◆ **TO DO**
Retype the data below exactly; skip every image.

◆ **DATASET ENTRIES**

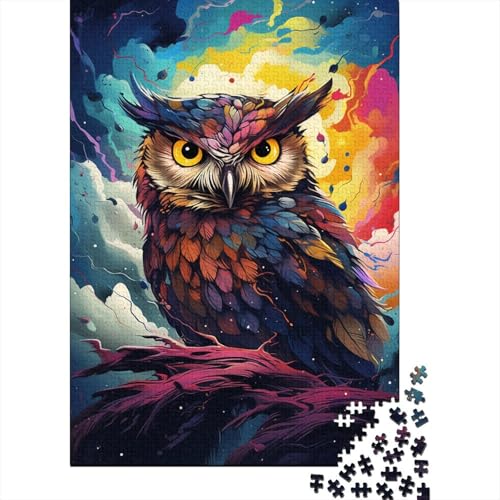 Buntes, künstlerisches Eulen-Puzzle, 1000 Teile, Puzzle für Erwachsene, Unmögliches Puzzle, Holzspielzeug, Puzzle, anspruchsvolles Spiel, 1000 Teile (75 x 50 cm) von TBDUEPS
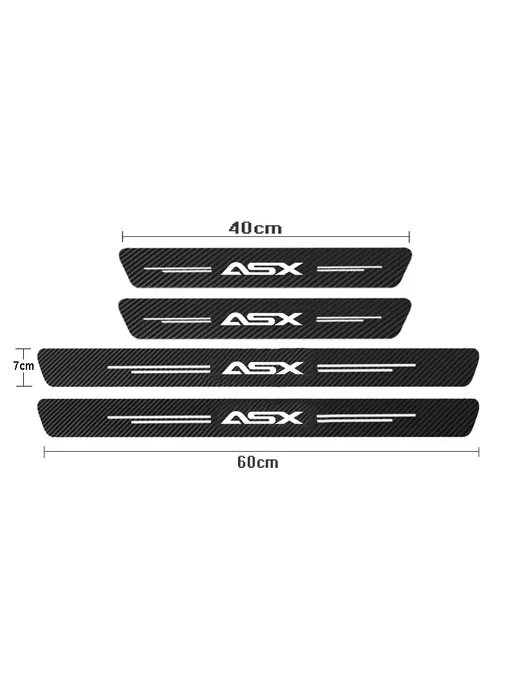 Нет бренда Накладка на порог ASX, карбон, 4шт, 40х7см, 4 шт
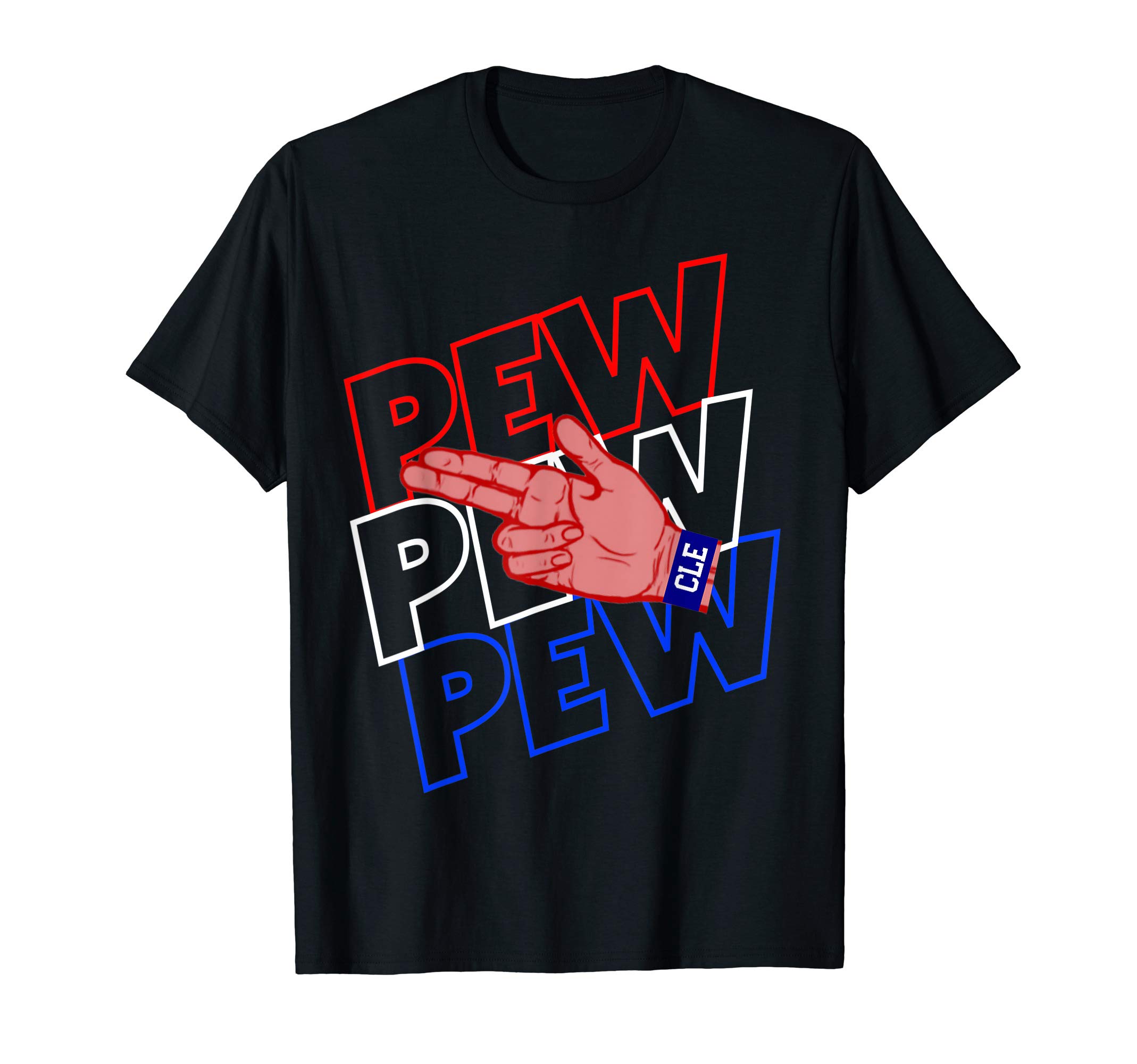 Pew Pew Pew Finger Gun Cle Football T-Shirt
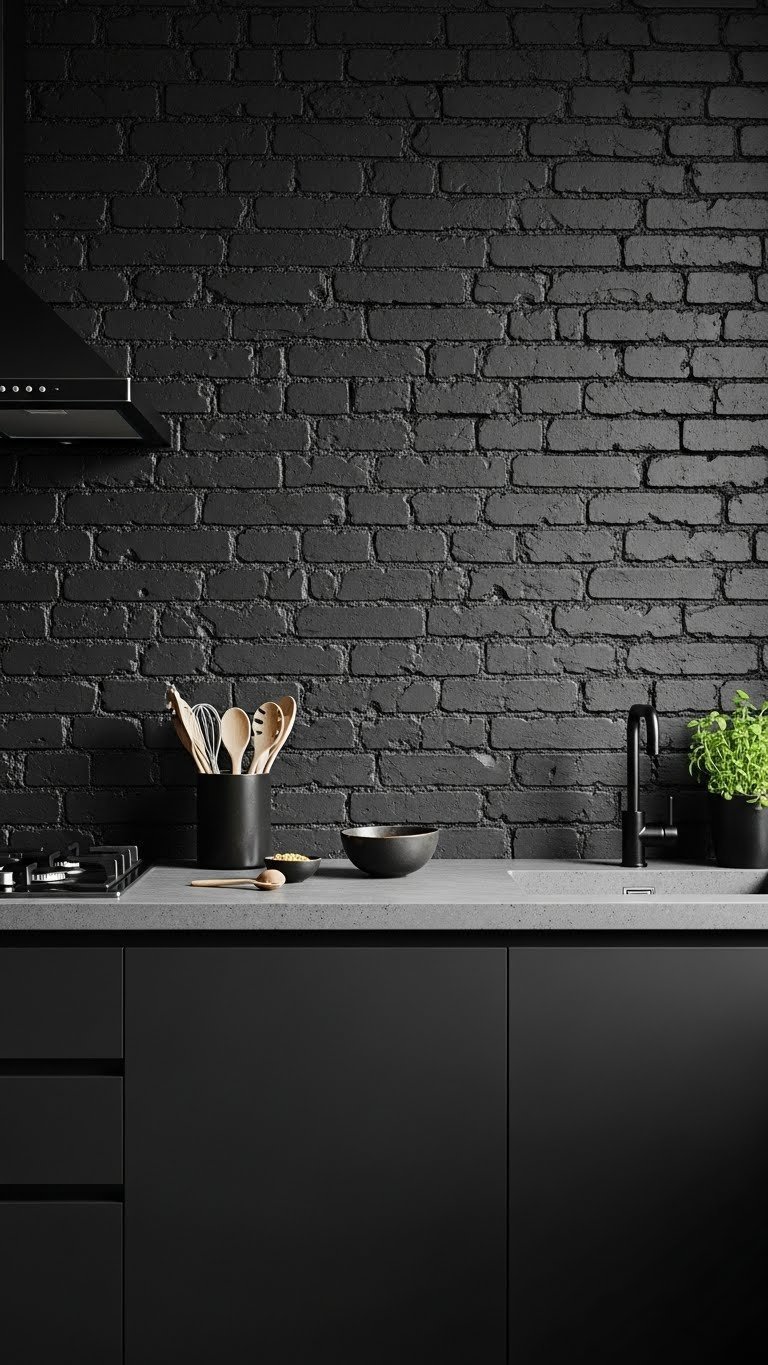 Dramatic exposed charcoal brick kitchen wall contrasting sleek black cabinetry, polished concrete countertop, and green herbs.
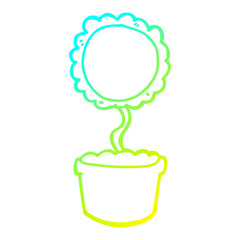 cold gradient line drawing cute cartoon flower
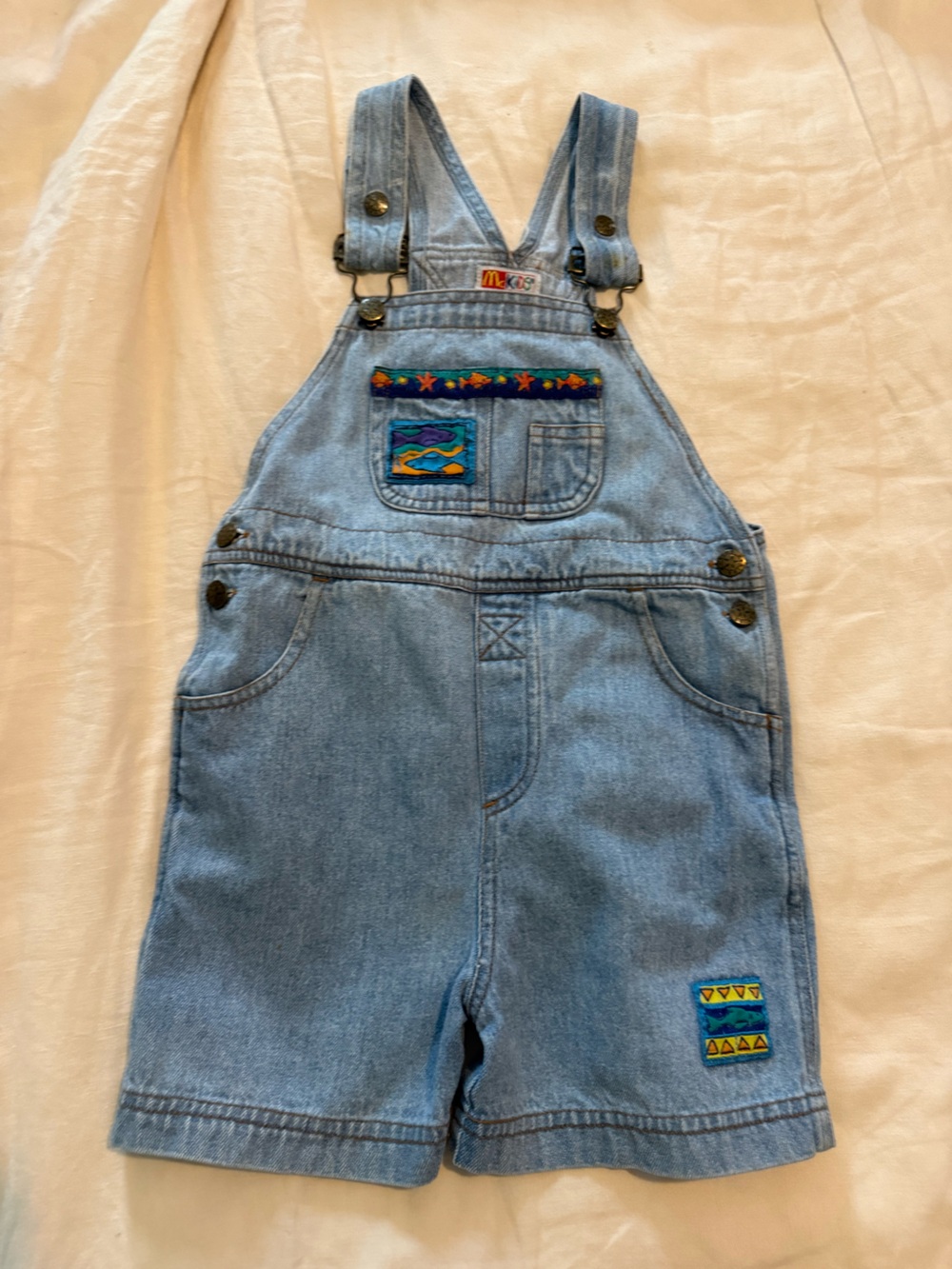 Vintage McKids Light Blue Denim Short Overalls with Ocean Life Accents GUC 1262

◆ **RESPONSE**
 Buntes, künstlerisches Eulen-Puzzle, 1000 Teile, Puzzle für Erwachsene, Unmögliches Puzzle, Holzspielzeug, Puzzle, anspruchsvolles Spiel, 1000 Teile (75 x 50 cm) von TBDUEPS
 Нет бренда Накладка на порог ASX, карбон, 4шт, 40х7см, 4 шт
 Pew Pew Pew Finger Gun Cle Football T-Shirt
 Dramatic exposed charcoal brick kitchen wall contrasting sleek black cabinetry, polished concrete countertop, and green herbs.
 cold gradient line drawing cute cartoon flower
 Vintage McKids Light Blue Denim Short Overalls with Ocean Life Accents GUC 1262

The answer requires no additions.